In the material below, find the line that contains "Now, to line" and the line that contains "Basically what you're", then write out exactly those two lines and everything between them.

══ AVAILABLE RECORDS ══

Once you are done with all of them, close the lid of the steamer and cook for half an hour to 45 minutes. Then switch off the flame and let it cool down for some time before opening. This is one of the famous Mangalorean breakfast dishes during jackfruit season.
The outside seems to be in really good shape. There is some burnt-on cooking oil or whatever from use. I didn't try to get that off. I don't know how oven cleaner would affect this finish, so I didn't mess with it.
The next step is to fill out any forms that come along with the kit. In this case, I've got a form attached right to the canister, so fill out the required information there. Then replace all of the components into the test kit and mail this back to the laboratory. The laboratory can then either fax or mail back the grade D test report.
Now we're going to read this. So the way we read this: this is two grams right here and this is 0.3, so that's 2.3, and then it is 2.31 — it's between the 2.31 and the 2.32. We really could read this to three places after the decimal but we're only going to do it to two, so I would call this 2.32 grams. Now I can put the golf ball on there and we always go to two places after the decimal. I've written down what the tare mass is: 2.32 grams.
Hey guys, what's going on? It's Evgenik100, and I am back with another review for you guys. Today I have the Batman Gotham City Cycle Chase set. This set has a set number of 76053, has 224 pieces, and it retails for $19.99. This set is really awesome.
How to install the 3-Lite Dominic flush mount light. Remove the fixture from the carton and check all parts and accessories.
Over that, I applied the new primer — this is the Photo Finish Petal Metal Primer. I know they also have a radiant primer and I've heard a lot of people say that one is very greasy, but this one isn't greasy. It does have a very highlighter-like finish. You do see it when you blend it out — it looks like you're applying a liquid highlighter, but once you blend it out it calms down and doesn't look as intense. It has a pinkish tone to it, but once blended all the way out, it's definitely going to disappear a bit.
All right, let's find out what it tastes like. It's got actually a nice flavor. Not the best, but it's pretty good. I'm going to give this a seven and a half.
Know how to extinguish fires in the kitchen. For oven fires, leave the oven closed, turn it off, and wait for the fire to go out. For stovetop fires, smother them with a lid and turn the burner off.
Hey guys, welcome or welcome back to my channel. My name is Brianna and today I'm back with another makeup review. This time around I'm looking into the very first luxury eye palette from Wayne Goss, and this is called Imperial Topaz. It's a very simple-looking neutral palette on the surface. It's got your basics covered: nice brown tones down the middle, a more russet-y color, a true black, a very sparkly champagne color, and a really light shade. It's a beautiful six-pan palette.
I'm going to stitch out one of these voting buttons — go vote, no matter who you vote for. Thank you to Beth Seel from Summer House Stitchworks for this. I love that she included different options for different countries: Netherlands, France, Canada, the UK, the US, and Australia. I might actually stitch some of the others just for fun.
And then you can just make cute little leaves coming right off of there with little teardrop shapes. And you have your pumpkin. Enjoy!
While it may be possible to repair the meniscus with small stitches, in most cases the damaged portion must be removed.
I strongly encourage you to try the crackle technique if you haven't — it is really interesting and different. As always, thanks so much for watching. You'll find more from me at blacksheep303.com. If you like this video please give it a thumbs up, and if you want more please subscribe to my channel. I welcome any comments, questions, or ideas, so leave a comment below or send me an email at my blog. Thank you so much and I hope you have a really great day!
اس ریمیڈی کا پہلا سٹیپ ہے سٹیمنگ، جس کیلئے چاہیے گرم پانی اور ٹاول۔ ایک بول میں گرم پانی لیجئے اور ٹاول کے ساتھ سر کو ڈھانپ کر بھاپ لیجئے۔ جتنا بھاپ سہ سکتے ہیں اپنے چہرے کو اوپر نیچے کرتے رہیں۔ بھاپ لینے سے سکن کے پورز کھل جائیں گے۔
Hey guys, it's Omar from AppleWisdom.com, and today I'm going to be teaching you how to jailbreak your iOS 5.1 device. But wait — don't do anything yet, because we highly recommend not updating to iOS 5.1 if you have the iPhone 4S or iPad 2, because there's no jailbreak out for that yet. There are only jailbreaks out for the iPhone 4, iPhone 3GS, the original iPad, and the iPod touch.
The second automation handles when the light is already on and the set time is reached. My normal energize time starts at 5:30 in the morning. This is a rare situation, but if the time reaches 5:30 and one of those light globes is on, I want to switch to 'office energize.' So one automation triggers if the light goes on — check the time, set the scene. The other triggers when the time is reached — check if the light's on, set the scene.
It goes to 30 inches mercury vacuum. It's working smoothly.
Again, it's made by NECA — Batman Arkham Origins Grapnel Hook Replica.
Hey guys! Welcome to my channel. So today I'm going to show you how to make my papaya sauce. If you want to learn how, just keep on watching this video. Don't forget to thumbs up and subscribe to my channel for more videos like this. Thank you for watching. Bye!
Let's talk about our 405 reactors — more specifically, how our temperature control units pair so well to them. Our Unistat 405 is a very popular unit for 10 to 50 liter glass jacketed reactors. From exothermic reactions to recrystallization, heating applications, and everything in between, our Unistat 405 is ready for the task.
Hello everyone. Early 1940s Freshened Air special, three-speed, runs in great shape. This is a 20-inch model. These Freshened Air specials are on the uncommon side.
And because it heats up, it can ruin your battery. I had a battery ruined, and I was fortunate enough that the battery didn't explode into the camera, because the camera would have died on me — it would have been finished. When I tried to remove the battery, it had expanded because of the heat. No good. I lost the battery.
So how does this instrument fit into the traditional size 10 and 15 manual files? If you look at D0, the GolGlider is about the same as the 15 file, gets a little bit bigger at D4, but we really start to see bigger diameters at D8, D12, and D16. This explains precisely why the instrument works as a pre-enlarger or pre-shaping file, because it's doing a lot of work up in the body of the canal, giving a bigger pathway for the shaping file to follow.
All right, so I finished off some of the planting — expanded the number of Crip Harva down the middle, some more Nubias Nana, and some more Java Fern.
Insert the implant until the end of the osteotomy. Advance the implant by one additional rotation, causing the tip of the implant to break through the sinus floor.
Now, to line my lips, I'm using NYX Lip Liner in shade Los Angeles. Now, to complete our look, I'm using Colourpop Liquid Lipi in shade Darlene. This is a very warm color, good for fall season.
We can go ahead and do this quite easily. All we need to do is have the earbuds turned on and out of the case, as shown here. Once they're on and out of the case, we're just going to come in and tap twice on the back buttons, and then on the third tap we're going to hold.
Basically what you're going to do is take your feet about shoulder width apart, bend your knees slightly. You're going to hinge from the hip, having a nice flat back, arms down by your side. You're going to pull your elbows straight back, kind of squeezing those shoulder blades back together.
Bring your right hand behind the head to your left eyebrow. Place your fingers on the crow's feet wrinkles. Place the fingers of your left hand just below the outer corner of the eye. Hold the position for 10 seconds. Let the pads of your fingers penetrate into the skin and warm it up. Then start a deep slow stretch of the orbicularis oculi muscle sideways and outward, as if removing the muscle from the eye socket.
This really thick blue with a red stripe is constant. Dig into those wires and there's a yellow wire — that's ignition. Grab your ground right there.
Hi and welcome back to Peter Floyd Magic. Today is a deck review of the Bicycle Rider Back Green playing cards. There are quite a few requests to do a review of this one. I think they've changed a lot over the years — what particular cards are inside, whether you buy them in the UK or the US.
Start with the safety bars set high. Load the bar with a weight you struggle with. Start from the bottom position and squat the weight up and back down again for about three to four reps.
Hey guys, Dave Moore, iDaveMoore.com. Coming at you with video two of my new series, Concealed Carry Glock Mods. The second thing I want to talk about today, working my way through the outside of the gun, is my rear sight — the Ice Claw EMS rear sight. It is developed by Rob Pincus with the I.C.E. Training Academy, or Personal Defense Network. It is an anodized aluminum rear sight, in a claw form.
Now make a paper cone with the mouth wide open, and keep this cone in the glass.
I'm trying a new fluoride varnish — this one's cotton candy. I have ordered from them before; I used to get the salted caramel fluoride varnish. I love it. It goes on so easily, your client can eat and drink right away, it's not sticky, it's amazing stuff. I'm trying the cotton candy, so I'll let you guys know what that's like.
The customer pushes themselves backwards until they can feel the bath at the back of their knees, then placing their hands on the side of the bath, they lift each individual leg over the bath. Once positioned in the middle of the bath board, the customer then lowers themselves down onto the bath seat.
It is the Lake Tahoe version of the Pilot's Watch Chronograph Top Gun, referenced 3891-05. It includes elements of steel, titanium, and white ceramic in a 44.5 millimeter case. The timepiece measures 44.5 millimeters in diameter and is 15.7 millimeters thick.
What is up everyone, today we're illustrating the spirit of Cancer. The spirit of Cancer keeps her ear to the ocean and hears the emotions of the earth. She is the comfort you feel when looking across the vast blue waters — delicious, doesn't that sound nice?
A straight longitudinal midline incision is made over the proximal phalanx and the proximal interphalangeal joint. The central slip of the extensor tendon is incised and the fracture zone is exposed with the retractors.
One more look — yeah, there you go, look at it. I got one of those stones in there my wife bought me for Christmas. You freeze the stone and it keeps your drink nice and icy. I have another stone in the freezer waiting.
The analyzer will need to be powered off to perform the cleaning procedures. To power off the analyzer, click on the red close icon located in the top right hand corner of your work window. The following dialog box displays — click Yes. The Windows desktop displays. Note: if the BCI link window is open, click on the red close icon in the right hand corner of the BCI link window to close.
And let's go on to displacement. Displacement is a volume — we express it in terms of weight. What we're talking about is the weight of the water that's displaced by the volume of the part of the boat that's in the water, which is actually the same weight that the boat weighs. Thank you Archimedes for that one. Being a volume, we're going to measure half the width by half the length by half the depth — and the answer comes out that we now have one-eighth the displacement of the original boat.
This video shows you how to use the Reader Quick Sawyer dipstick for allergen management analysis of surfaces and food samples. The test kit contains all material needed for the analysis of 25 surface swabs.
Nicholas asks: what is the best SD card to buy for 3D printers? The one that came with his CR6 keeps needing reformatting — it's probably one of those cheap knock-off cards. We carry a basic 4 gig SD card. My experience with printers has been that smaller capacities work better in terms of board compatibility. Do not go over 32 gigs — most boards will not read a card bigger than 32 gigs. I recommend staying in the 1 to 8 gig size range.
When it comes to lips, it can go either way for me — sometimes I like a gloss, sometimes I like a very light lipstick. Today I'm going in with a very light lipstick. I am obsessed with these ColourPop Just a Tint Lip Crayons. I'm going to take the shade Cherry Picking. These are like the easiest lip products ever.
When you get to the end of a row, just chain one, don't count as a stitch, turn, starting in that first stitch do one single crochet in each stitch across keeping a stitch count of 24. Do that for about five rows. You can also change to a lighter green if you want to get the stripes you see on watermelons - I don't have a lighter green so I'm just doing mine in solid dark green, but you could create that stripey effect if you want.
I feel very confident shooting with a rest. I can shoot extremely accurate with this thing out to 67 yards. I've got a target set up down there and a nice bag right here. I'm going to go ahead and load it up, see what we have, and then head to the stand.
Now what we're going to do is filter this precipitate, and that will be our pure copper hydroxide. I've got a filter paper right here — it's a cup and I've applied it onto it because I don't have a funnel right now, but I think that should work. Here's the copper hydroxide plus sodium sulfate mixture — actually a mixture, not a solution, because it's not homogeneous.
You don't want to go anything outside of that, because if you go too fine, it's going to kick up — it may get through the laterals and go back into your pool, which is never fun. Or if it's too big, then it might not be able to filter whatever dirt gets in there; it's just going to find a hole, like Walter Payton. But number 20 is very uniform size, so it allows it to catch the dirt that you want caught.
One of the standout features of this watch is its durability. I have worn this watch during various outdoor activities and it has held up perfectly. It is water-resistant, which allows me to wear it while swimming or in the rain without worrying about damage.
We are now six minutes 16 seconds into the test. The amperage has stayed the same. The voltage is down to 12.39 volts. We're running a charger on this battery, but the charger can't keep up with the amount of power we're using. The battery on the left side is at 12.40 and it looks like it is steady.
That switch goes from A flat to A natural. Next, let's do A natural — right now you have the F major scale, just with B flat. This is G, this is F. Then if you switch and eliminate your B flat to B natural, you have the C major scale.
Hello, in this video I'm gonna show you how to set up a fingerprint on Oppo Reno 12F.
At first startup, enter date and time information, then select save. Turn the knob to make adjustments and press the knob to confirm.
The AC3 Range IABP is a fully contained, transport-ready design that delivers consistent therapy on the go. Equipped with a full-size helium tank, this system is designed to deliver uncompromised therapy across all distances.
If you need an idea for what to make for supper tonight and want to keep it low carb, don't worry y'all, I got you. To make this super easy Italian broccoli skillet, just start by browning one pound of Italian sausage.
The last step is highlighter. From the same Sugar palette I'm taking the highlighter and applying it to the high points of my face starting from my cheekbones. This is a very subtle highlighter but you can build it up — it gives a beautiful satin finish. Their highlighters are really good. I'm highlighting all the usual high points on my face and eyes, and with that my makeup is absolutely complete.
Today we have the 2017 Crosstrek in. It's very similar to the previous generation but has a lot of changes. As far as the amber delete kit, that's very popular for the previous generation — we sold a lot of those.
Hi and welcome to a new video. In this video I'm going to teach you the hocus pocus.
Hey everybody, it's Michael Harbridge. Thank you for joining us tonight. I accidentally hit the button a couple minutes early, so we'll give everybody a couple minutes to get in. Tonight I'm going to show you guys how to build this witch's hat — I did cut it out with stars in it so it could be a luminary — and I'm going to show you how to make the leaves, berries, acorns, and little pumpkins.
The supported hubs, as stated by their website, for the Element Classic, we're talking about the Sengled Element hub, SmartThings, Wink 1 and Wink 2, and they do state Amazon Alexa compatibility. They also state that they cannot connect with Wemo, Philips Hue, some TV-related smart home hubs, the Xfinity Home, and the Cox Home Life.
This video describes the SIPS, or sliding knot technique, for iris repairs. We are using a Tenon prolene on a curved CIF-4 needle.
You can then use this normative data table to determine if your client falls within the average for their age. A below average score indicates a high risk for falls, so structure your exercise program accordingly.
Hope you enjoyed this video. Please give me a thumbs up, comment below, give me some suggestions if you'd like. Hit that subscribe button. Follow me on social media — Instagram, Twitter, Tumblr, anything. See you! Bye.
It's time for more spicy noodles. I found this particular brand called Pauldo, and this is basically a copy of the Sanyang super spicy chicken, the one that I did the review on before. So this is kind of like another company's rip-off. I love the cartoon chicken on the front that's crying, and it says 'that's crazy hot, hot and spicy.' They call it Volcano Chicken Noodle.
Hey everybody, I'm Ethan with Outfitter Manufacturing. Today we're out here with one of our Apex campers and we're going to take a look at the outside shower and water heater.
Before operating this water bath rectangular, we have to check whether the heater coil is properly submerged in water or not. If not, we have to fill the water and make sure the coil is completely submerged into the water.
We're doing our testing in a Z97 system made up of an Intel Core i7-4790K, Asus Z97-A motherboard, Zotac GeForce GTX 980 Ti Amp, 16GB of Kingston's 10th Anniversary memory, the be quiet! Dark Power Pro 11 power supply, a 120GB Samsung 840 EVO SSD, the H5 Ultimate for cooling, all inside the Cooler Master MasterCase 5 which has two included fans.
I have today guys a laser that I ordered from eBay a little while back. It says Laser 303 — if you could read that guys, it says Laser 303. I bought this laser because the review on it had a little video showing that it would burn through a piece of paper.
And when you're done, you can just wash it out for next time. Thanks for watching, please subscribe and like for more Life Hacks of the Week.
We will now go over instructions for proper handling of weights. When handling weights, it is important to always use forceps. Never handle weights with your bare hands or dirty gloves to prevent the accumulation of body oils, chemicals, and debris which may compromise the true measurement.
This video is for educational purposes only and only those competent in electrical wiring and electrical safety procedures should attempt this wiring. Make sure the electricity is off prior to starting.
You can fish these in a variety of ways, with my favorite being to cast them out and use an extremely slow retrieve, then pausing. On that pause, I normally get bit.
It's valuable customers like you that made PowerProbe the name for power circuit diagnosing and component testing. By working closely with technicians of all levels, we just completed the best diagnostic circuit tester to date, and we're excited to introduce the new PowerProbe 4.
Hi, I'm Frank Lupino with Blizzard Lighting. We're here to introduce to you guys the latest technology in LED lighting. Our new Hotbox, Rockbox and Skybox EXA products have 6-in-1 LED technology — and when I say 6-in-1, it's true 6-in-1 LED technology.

═══

**TASK OUTPUT:**
Now, to line my lips, I'm using NYX Lip Liner in shade Los Angeles. Now, to complete our look, I'm using Colourpop Liquid Lipi in shade Darlene. This is a very warm color, good for fall season.
We can go ahead and do this quite easily. All we need to do is have the earbuds turned on and out of the case, as shown here. Once they're on and out of the case, we're just going to come in and tap twice on the back buttons, and then on the third tap we're going to hold.
Basically what you're going to do is take your feet about shoulder width apart, bend your knees slightly. You're going to hinge from the hip, having a nice flat back, arms down by your side. You're going to pull your elbows straight back, kind of squeezing those shoulder blades back together.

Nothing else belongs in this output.